I happened to catch a picture on Facebook that my best college friend T got remarried last night. T was married right after SI and I broke up, she cheated on her husband got divorced and moved in with him probably a year and a half ago. Now she gets married on the day ManFriend & I break up. Strange coincidences her getting married right after my breakups. So she's been married twice, I've been married - never.
So it got me thinking, some people are 'lucky' in the love/marriage department and other people like me are not. I am not sure why that is.

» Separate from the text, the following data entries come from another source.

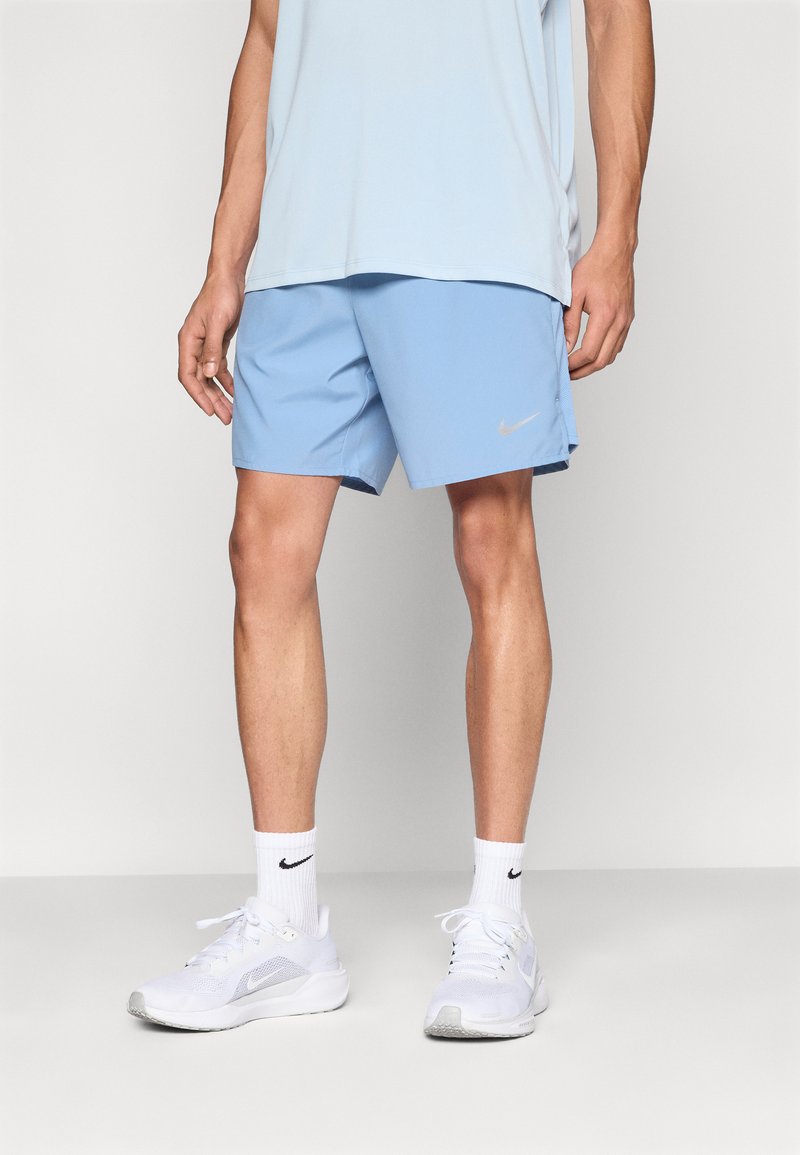 Ανοιχτά μπλε αθλητικά σορτς με ομαλή υφή και λογότυπο της Nike σε ασημί χρώμα. Συνδυάζονται με άσπρα αθλητικά παπούτσια και κάλτσες αστραγάλου.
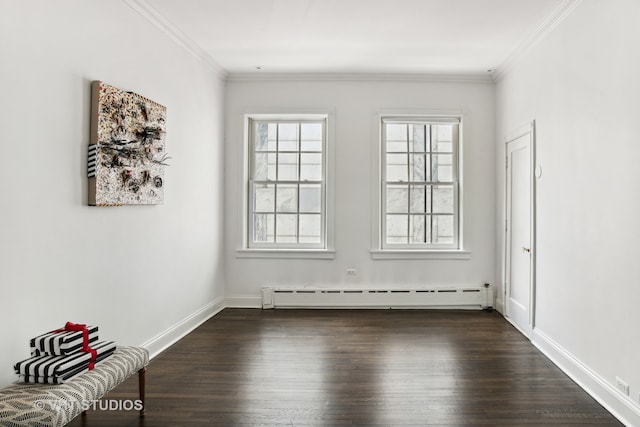 empty room featuring ornamental molding, dark hardwood / wood-style floors, and baseboard heating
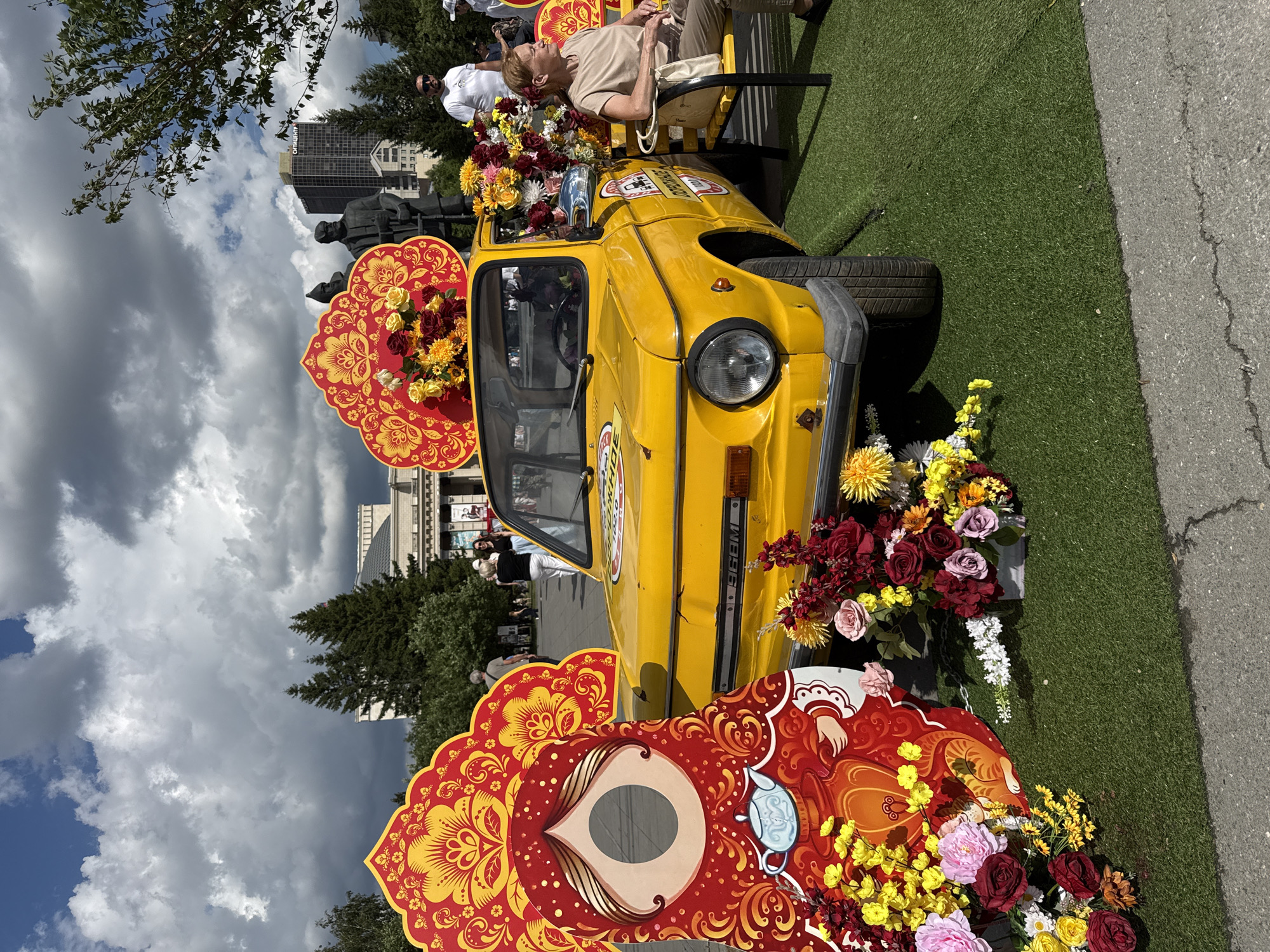 The image captures an outdoor event in Novosibirsk, Russia, likely a city celebration or exhibition, given the festive decorations. A bright yellow vintage car, possibly a ZAZ model, is prominently displayed on artificial grass. The car is adorned with large, colorful decorative cutouts resembling Russian folk art and abundant floral arrangements, primarily in shades of red, yellow, and pink. These flowers are clustered around the car and on its roof, suggesting a summer event.
To the left of the car, a large, flat cutout of a matryoshka doll, with a face cut out for photo opportunities, is positioned, also decorated with similar folk art patterns. To the right of the car, a woman is seated on a yellow bench, looking away from the camera. She is wearing a beige top and pants and has a light-colored bag next to her. In the background, other people can be seen mingling, and a statue of two figures is visible behind the car, partially obscured by floral arrangements. A tall, modern building with a sign that appears to say "СИТИЦЕНТР" (City Center) stands in the distance, indicating an urban setting. The sky is partly cloudy with dramatic, white cumulus clouds against a blue backdrop. The overall scene suggests a public gathering with a cultural or artistic theme.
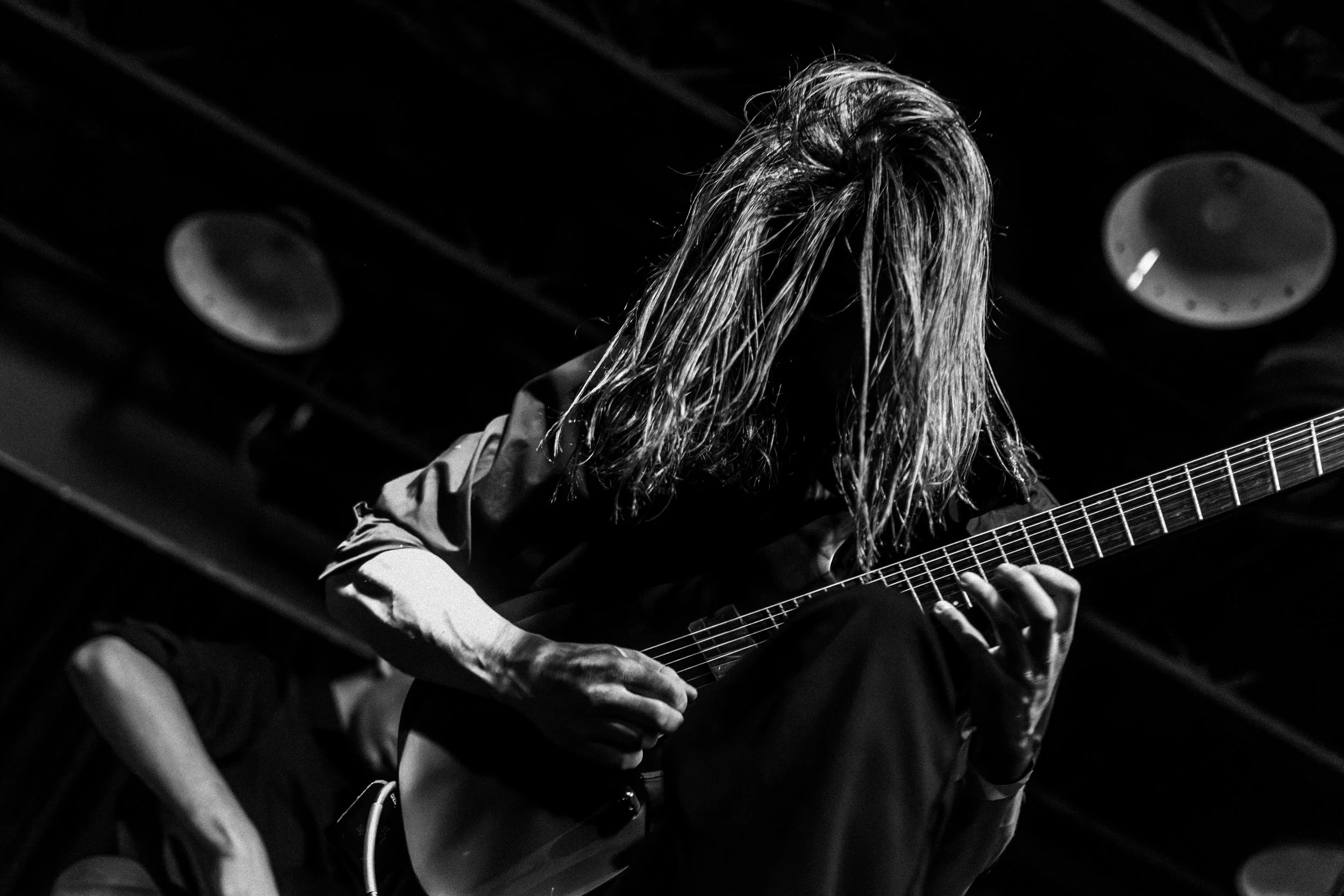 A young man plays a solo on the electric guitar with his hair in his face at the Tier Two Live Youth Battle of the Bands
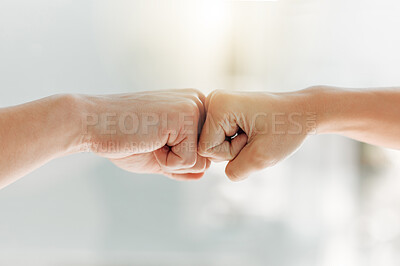 Buy stock photo Shot of two unrecognizable people fist bumping at home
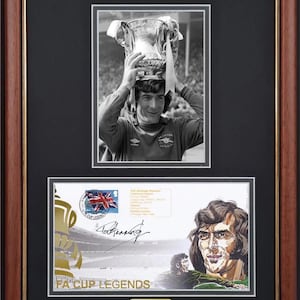Puede incluir: Marco de madera marrón con borde dorado que contiene una foto en blanco y negro de un futbolista sosteniendo un trofeo, encima de una conmemoración firmada de las Leyendas de la FA Cup. Una etiqueta de edición limitada con el número 125 está en la parte inferior.
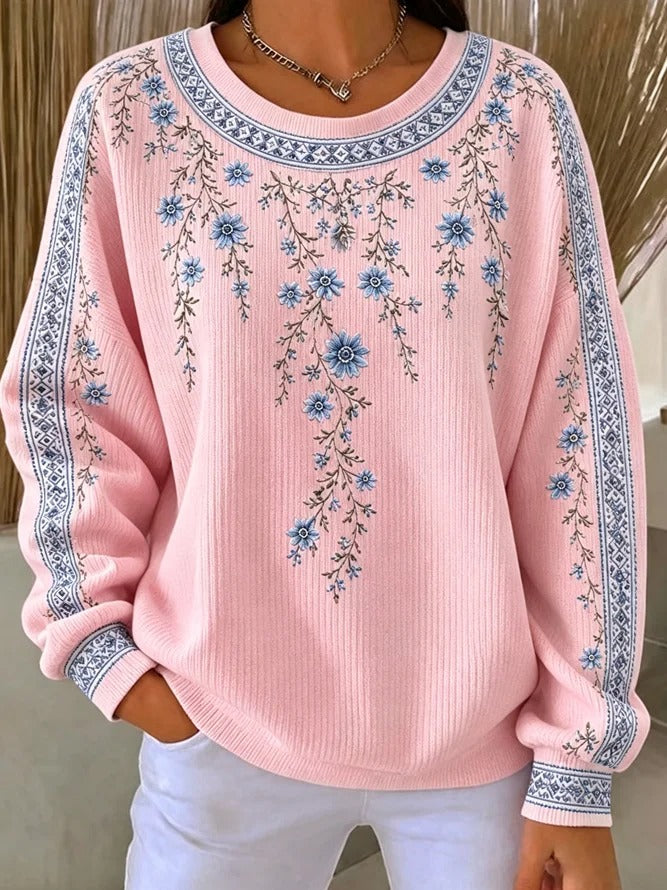 Ten sweter z okrągłym dekoltem jest elegancki i wygodny, ozdobiony delikatnym kwiatowym wzorem i ma swobodny, uniwersalny styl.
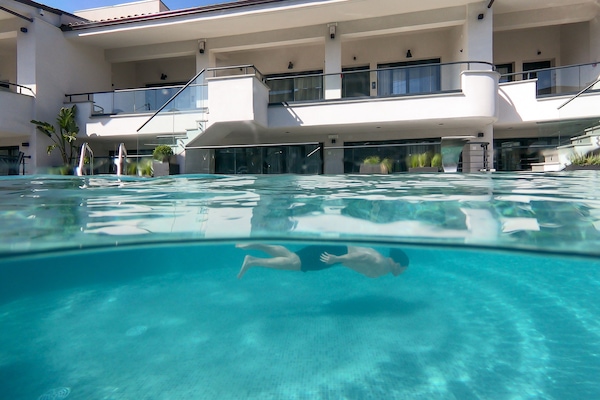 Seasonal outdoor pool, pool umbrellas, sun loungers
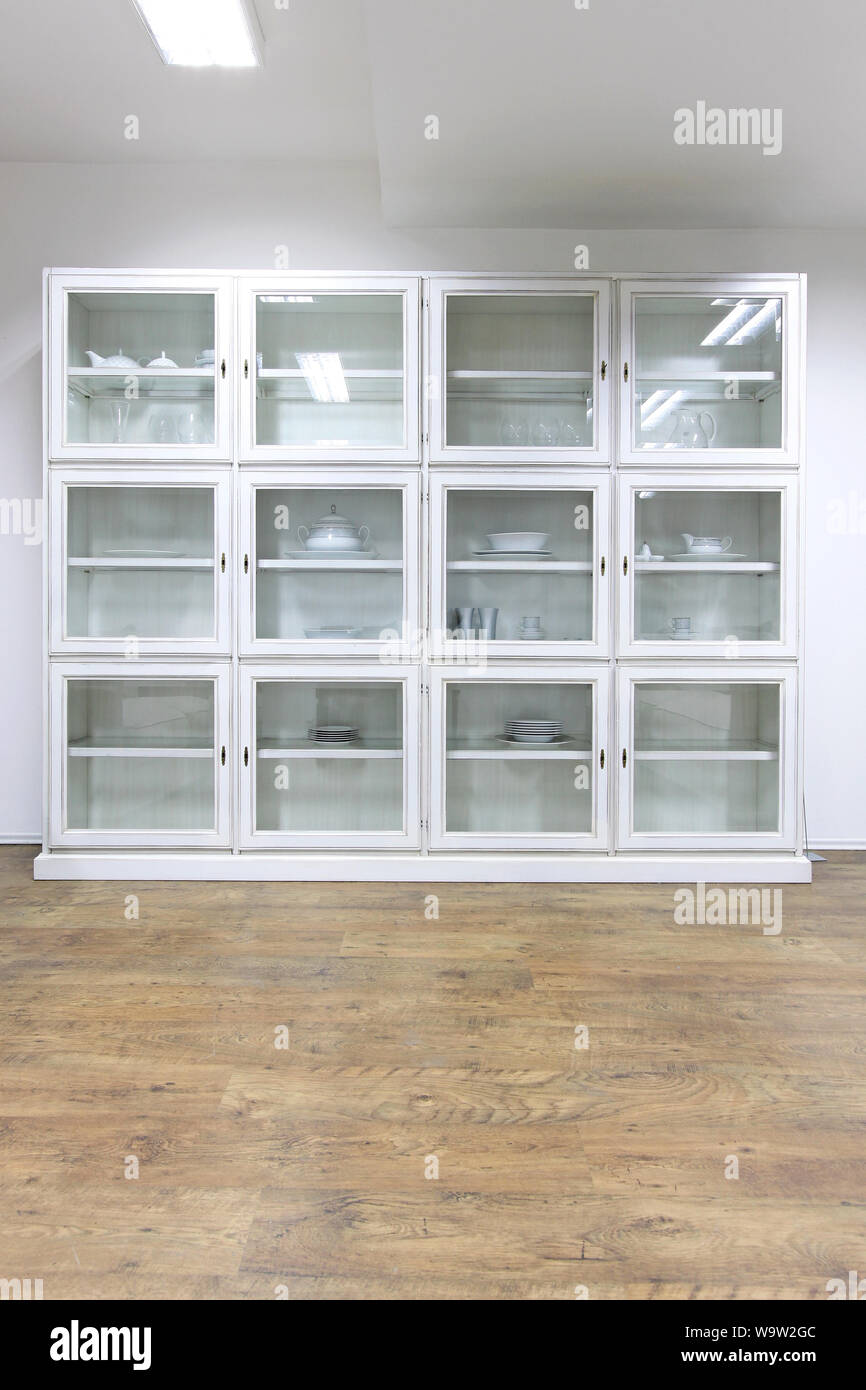 White Cupboard Display Cabinet With Glass Doors Stock Photo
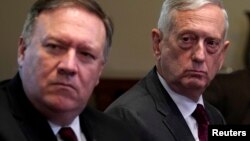 FILE - U.S. Secretary of State Mike Pompeo (L) and Secretary of Defense James Mattis are seen at a meeting at the White House, in Washington, May 17, 2018.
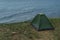 Onely green small tent stands on grass shore of blue Lake Baikal, sea waves and ripples, summer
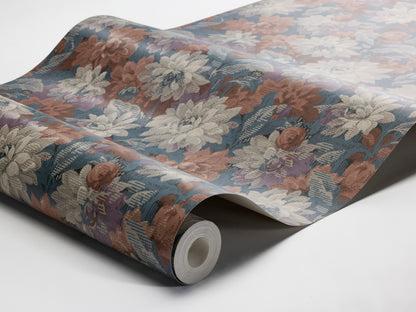 Colored in deep blue, brick red, and soft grey-purple tones, our Delilah wallpaper captures a dramatic and refined aesthetic.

On a smaller scale, I started to think about why the two men I loved didn't want to be with me. For both, I am not 100% sure, it is all speculation. With SI, I know he wasn't happy that I gained weight and that I bite my nails...but that can't be the only reasons he cheated on me and decided he didn't love me. ManFriend, I am not sure either we communicated different and he was always upset that he felt that I didn't put effort into our relationship. I know I yo-yoed with my weight three times this year and a half...but so did he and you know, so did SI when we were together, so to break up over weight is stupid especially if they gained the same or more weight as me...and not offering to do something about it together. I like doing things together - hikes, bike rides, walks, yoga, maybe the gym. Not only would it bring us together, but we'd both reap the benefits.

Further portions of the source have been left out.